Los visigodos, germanos rubios y con ojos azules, eran
también superespañoles, pues se convirtieron al cristianismo. Y, por supuesto,
el caudillo que se rebeló contra los moros era un noble visigodo que llegó a
Cantabria y a Asturia y levantó a los montañeses contra el infiel. Cantabria y
Asturia, entes de dudosa cristianización, fueron sustituidas en tiempos muy
tempranos por la cristianísima Asturias, que englobaba a ambas.
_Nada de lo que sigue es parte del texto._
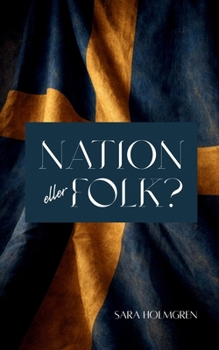 Paperback Nation eller folk? [Swedish] Book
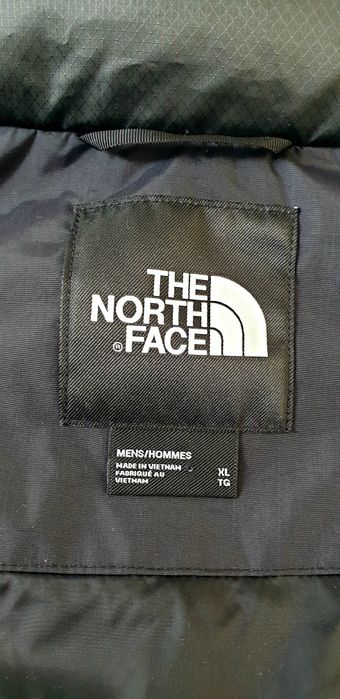 The North Face Diablo 700 Down XL / 2XL НОВО ОРИГИНАЛ Зимно пухено Яке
Sacar ahora a relucir lo celta, sostener que los lusitanos y
los gallegos fueron celtas ─o preceltas, que aún es peor─, y que también
pertenecían a esas gentes los numantinos, los cántabros, los astures, los
vacceos, los turmogos, los arévacos y demás pueblos que se opusieron a Roma,
distorsiona el relato tan trabajosamente levantado sobre la construcción de
España en el siglo XIX. Incluso cuando se dice que los descendientes más puros de
los celtas son los aragoneses, pues en su territorio se asentaron los inmigrantes
galos a los que llamaron celtíberos ochocientos años antes que los romanos, a los
puristas se les ponen los pelos de punta.
No es que un hipotético nacionalismo celta preocupe en
demasía a los nacionalistas españoles, más allá del caso de Galicia, pero, por
sí o por no, siempre conviene desconfiar de todos cuantos sostienen la
reivindicación de un pasado celta.
¡Ha costado tanto construir la patria española!
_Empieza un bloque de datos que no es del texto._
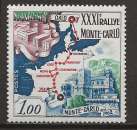   MONACO     ANNEE 1962 Y.T N°575 NEUF** 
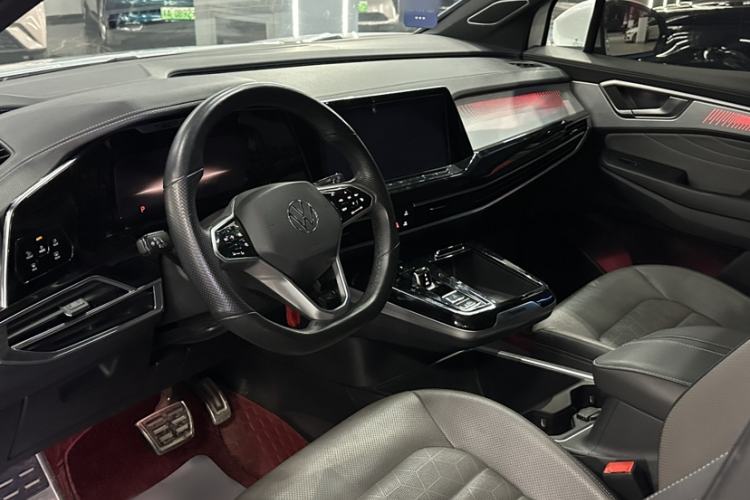 Used Volkswagen Talagon 2021 380TSI Four-Wheel Drive R-Line Touareg Edition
Y, en este edificio levantado ladrillo a ladrillo, discurso
a discurso, pintura patriótica tras pintura patriótica, educaciones primaria,
secundaria y universitaria bien hilvanadas a lo largo del tiempo, melodías de
lo hispánico, himnos y Covadongas, en este andamiaje tan complejo, decimos, que
se encuentre agazapada entre los muros una burbuja de aire como lo celta, un
pegote de cemento incendiario infiltrado entre el ladrillaje, puede ser
peligroso. ¡Que no nos toquen el punto flaco estos celtistas! ¡Hay que acabar
con ellos!, aunque sea "ad cautelam".
Para profundizar en este tema, recomiendo la obra de Tomás
Pérez Vejo «España imaginada». Trata sobre la construcción del concepto
colectivo de lo español a partir de la pintura patriótica del siglo XIX.
Es curioso este autor, un completo desconocido en Cantabria, pese a que en Méjico es toda una autoridad. Y digo curioso, porque es lebaniego, de reconocido prestigio e hijo de la legendaria panderetera lebaniega Lines Vejo. En fin, no todos los cántabros son reconocidos en su tierra. Aunque, en realidad, e este académico mejicano le debe de importar un bledo que se lo pondere o no en nuestra tierruca chiquita, en nuestro mundo diminuto como una lenteja, aunque eso sí, repleta de hierro, como pedúnculo de mazajón. Pero no nos engañemos, no pasamos de grano en las arenas de la Historia.